Accelerating Investments When Access to Commercial Finance Is Constrained
One example of how the USAID Resilient Communities Program adds value to Georgia’s market system is by sharing in the risk of investments. While there is a thriving banking sector in Georgia and the cost of agricultural loans are reasonable due to a government-subsidized loan scheme, access to finance remains the most significant constraint to small and medium enterprise (SME) growth. According to the Organization for Economic Cooperation and Development, the average interest rate charged to SMEs in Georgia is high and Georgian SMEs are dependent on the banking sector for meeting financing needs. The overall share of SME lending remains low and access to finance is still considered a key obstacle to SME development. Therefore, one of the priorities of Georgia’s 2021-2025 SME Development Strategy is to improve access to finance.
Factors such as low diversity of financial products to meet the needs of businesses, a dominance of assets-based lending, and traditionally underserved rural clients lead to businesses postponing investments needed for business growth. Through the USAID Resilient Communities Program’s grants component, Georgian companies have been able to realize investments earlier and accelerate their growth.
NutsGe Ltd is one of the few hazelnut processing companies in Georgia that produces value-added products, including sorted shelled and in-shell hazelnuts, roasted and blanched hazelnuts and hazelnut paste and powder. Their processing facility in Zugdidi sources raw materials from around 200 local suppliers from Zugdidi and Tsalenjikha municipalities. The Program co-invested with NutsGe Ltd to introduce a new packing line and increase its drying capacity. This investment will enable the company to assist more farmers and enter both local and international retail markets with its own brand and under private labels. When applying for the USAID Resilient Communities Program grant, NutsGe Ltd’s assets were fully collateralized against outstanding loans, making it impossible for the company to secure additional funding from commercial banks. However, as a result of the Program’s support, the company restructured $800,000 in existing loans and received a credit line of $1 million from the Bank of Georgia.

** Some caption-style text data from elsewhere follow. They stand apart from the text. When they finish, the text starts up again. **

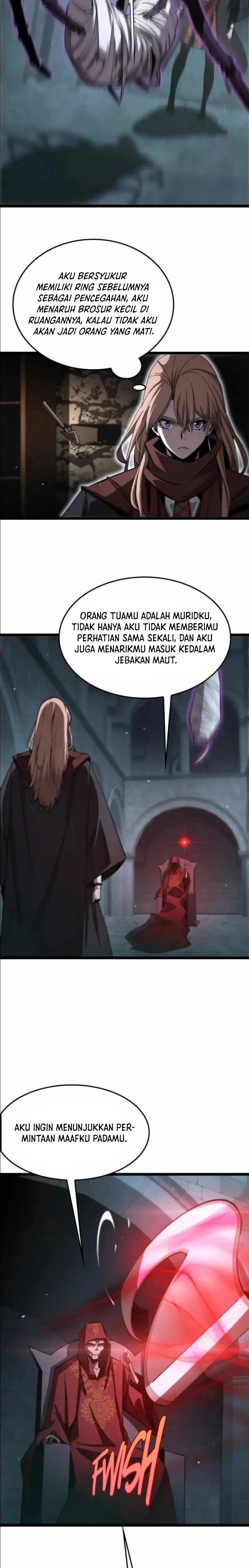 World’s Apocalypse Online Chapter 222 Bahasa Indonesia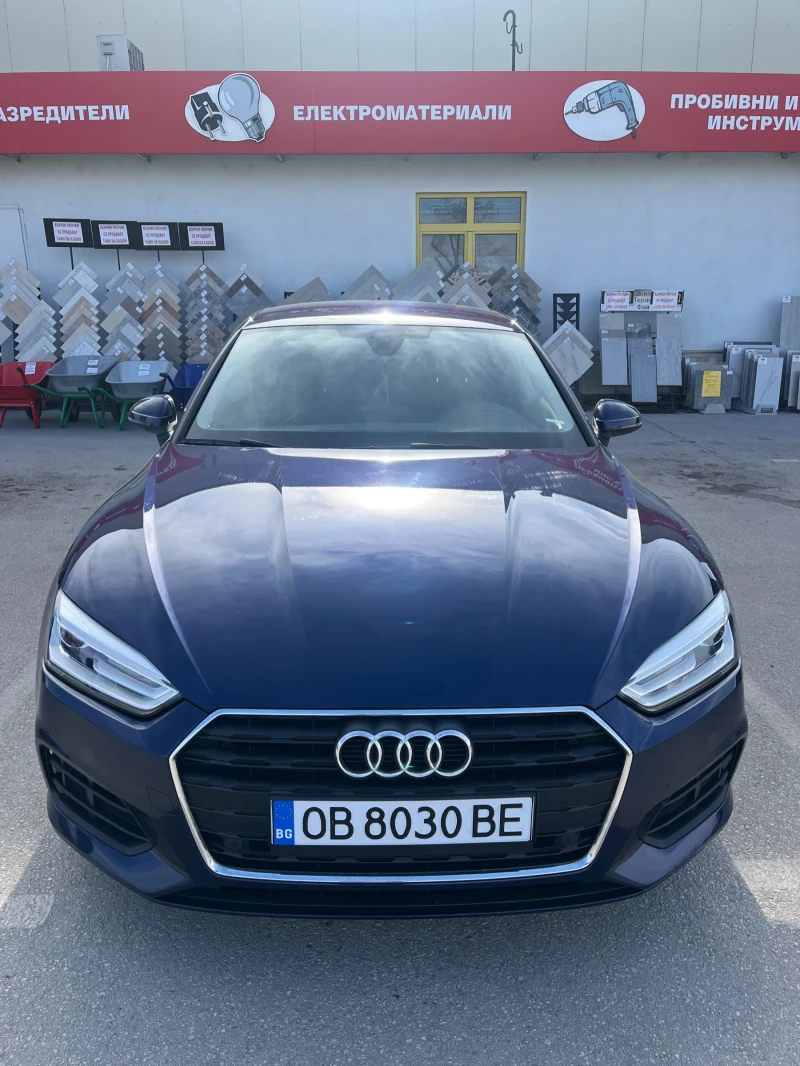 Audi A5 2.0tdi Avtomatik - 21000 € / 41072.43 лв. - 25030146 1 | Car24.bg Audi A5 2.0tdi Avtomatik - 21000 € / 41072.43 лв. - 25030146 1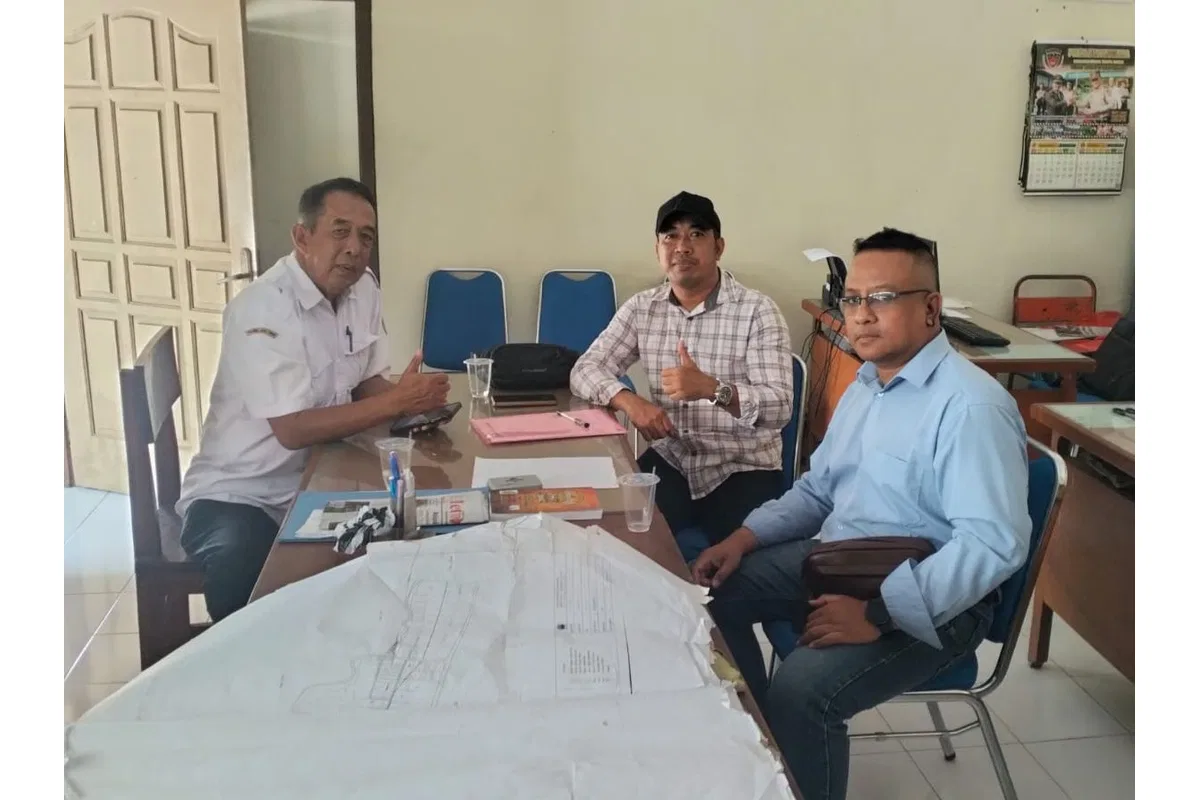 Akta Autentik Bukan Sekadar Tanda Tangan: Dedy Ingatkan Bahaya Jalan Pintas Biro Jasa
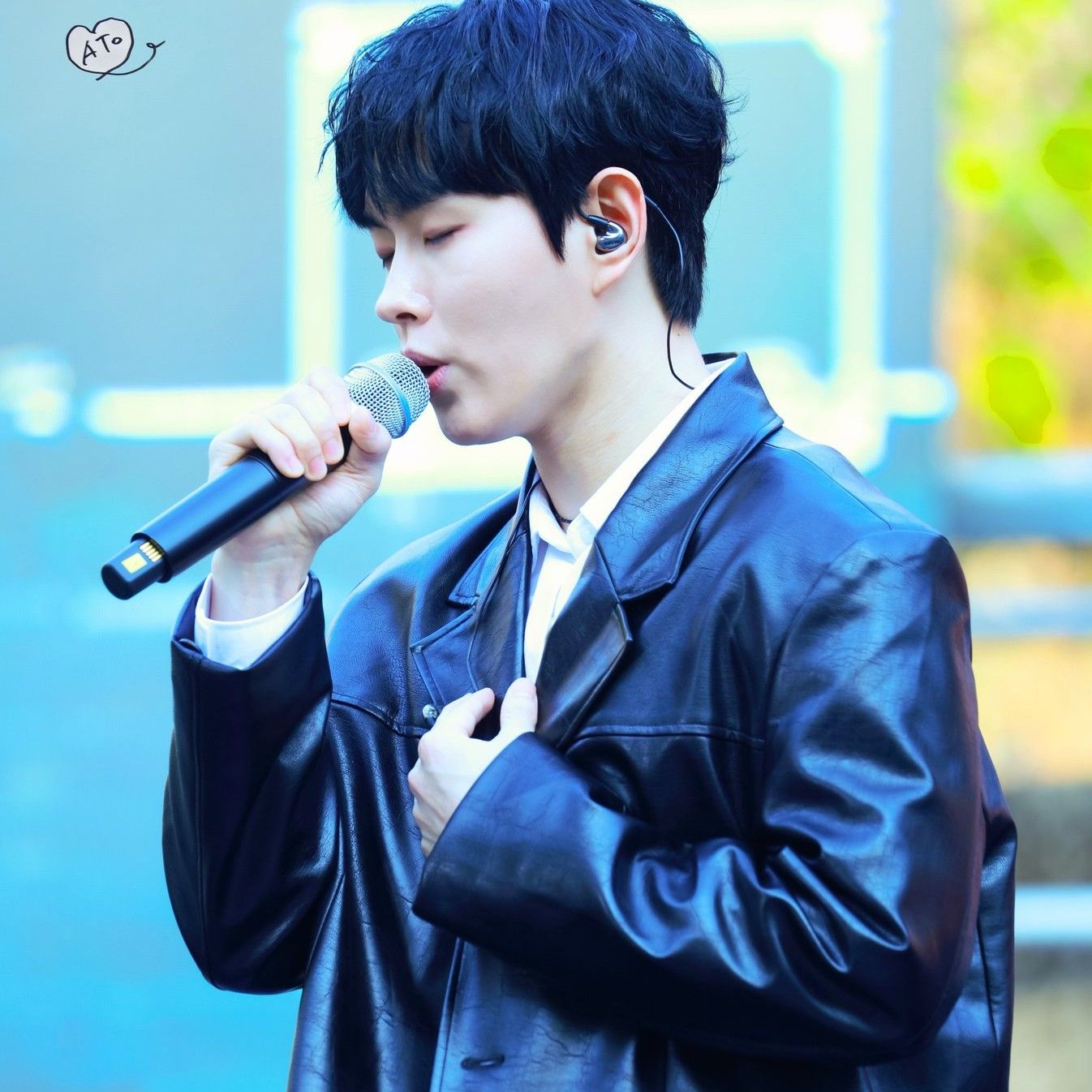 Latest photo of Lee Byeongchan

Another grantee, SP Luka Bekauri—a family-owned business consisting of siblings Luka (22) and Sopo (24)—renovated their historical family house in Gudamakari community, Dusheti municipality in 2019 to transform it into a guesthouse. After opening their guesthouse in 2021, Luka and Sopo realized additional tourist activities, which were lacking in Dusheti municipality, would increase guests’ length of stay. The family considered offering an outdoor education camp but, like other small-scale seasonal businesses in Georgia’s tourism sector, banks considered their business high-risk and would not provide a loan with an affordable interest rate and low collateral requirements. Additionally, SP Luka Bekauri had already taken out a consumer loan with a 17% interest rate from a commercial bank to renovate the guesthouse and could not afford another costly loan to expand their business. Fortunately, a USAID Resilient Communities Program grant enabled Luka and Sopo to obtain the equipment they needed for an outdoor education camp, which will increase the resilience of their business over the long-term, allowing them to more easily secure business loans.